Zhang, Yunxiang, and Xiaojun Wan. "MOVER: Mask, Over-generate and Rank for Hyperbole Generation." arXiv preprint arXiv:2109.07726 (2021).

##### Additional information

The HYPO-L dataset was translated using Google Sheets. Google Sheets has the ability to use the Google Translate API by invoking a simple function. 

This is just a temporary solution, the idea is to use a smaller but human translated dataset to train the final model.
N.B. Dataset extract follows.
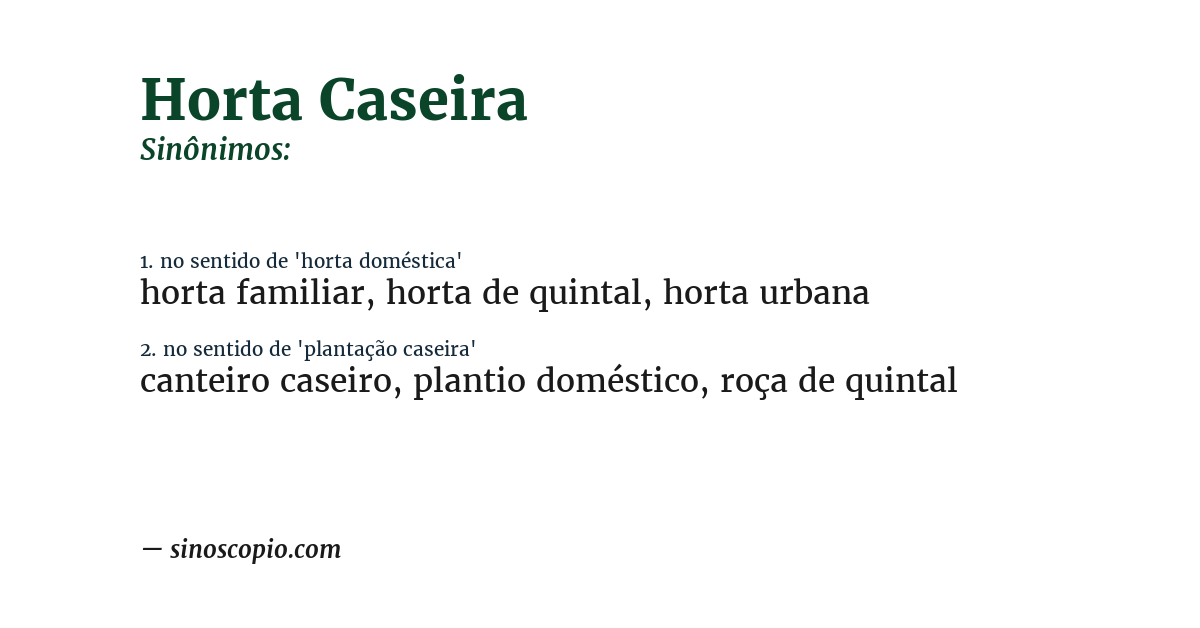 Sinônimo de horta caseira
It will be interesting to compare the results which can be achieved by a model which was trained on machine translated data vs. the performance which is achieved by a model which was trained on human translated data. 

In [None]:
HYPERBOLE_DATASET = PATH_TO_DATA + "hyperbole_machine_translations.csv"

### Data which is used to compute imageability

##### The dataset has been taken from the following source: 

https://www.ims.uni-stuttgart.de/forschung/ressourcen/experiment-daten/affective-norms/

##### The dataset has been published in this paper:

Maximilian Köper, Sabine Schulte im Walde
Automatically Generated Norms of Abstractness, Arousal, Imageability and Valence for 350,000 German Lemmas
In: Proceedings of the 10th Conference on Language Resources and Evaluation (LREC). Portorož, Slovenia, May 2016.
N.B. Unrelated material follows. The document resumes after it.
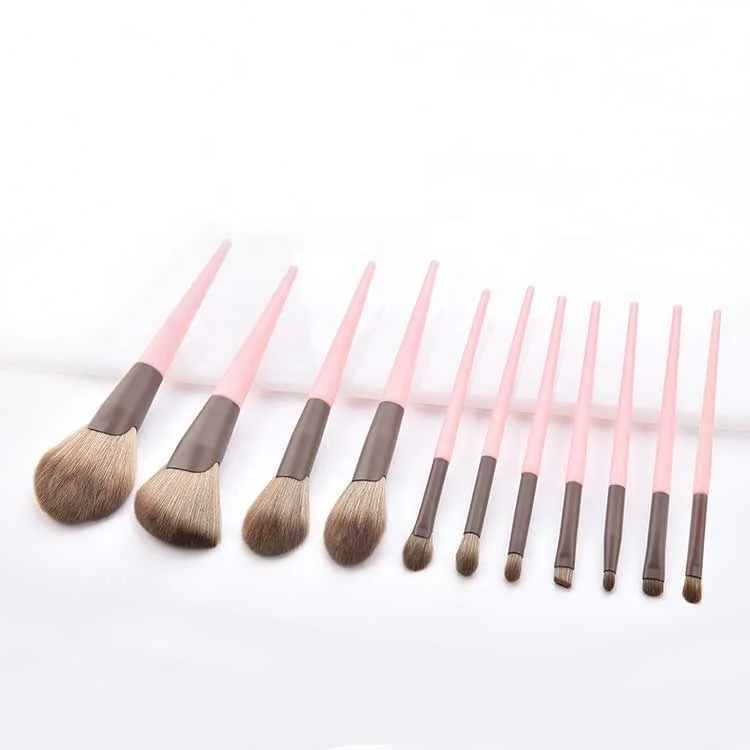 2020 amazon best sell professional pink blush makeup+brushes yellow natural hair makeup brushes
##### Additional citings (training resource publications)

* Võ et al. (2009)
* Lahl et al. (2009)
* Kanske and Kotz (2010)
* Schmidtke et al. (2014)
* The MRC Psycholinguistic Database
* Brysbaert et al. (2014)

In [None]:
IMAGEABILITY_DATASET = PATH_TO_DATA + "imageability/affective_norms.txt"

### Data which is used to compute unexpectedness

##### The GloVe embeddings have been taken from the following source:

https://www.deepset.ai/german-word-embeddings

https://int-emb-glove-de-wiki.s3.eu-central-1.amazonaws.com/vectors.txt

##### The GloVe embeddings have been published in the following repository:

https://gitlab.com/deepset-ai/open-source/glove-embeddings-de

##### The Word2Vec embeddings have been taken from the following source:

https://www.deepset.ai/german-word-embeddings

https://int-emb-word2vec-de-wiki.s3.eu-central-1.amazonaws.com/vectors.txt

##### The Word2Vec embeddings have been published in the following repository:

https://gitlab.com/deepset-ai/open-source/word2vec-embeddings-de

In [None]:
GLOVE_VECTORS_DATASET = PATH_TO_DATA + "glove/glove_vectors.txt"
WORD2VEC_VECTORS_DATASET = PATH_TO_DATA + "word2vec/word2vec_vectors.txt"
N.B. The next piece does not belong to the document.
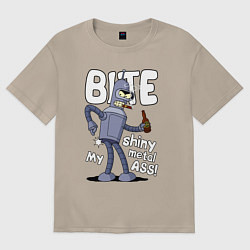 Футболка оверсайз женская Bender shiny ass, цвет: миндальный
### Data which is used to compute polarity

##### The German version of the SentiWS dataset has been taken from the following source:

https://wortschatz.uni-leipzig.de/de/download

##### The dataset has been published in the following paper:

R. Remus, U. Quasthoff & G. Heyer: SentiWS - a Publicly Available German-language Resource for Sentiment Analysis.
In: Proceedings of the 7th International Language Resources and Evaluation (LREC'10), pp. 1168-1171, 2010

In [None]:
SENTI_WS_NEGATIVE_DATASET = PATH_TO_DATA + "polarity/SentiWS_v2.0/SentiWS_v2.0_Negative.txt"
SENTI_WS_POSITIVE_DATASET = PATH_TO_DATA + "polarity/SentiWS_v2.0/SentiWS_v2.0_Positive.txt"

### Main Dataframe

The following dataframe will be used as a starting point. All the feature engineering steps will be executed on this dataframe. The current values in the dataframe will not be changed, additional columns will be added. 

In [None]:
df_hyperbole = pd.read_csv(HYPERBOLE_DATASET)

In [None]:
df_hyperbole.columns

## Feature Engineering

### Imageability

Imageability is a feature which is commonly used in metaphor detection. Troiano et al. argumented, that a speaker might try to convey strength while making use of a hyperbole. In such a situation the speaker might use a highly picturable vocabulary. 

They computed the feature by averaging the imageability values for all words in a sentence.They used a different dataset, as they were working with the English language, the approach is followed as described in the paper.

In [None]:
def generate_imageability_dict() -> Dict[str, float]:
    df = pd.read_csv(IMAGEABILITY_DATASET, sep="\t")
    df["WordLower"] = df["Word"].str.lower()
    
    return pd.Series(df.IMG.values,index=df.WordLower).to_dict()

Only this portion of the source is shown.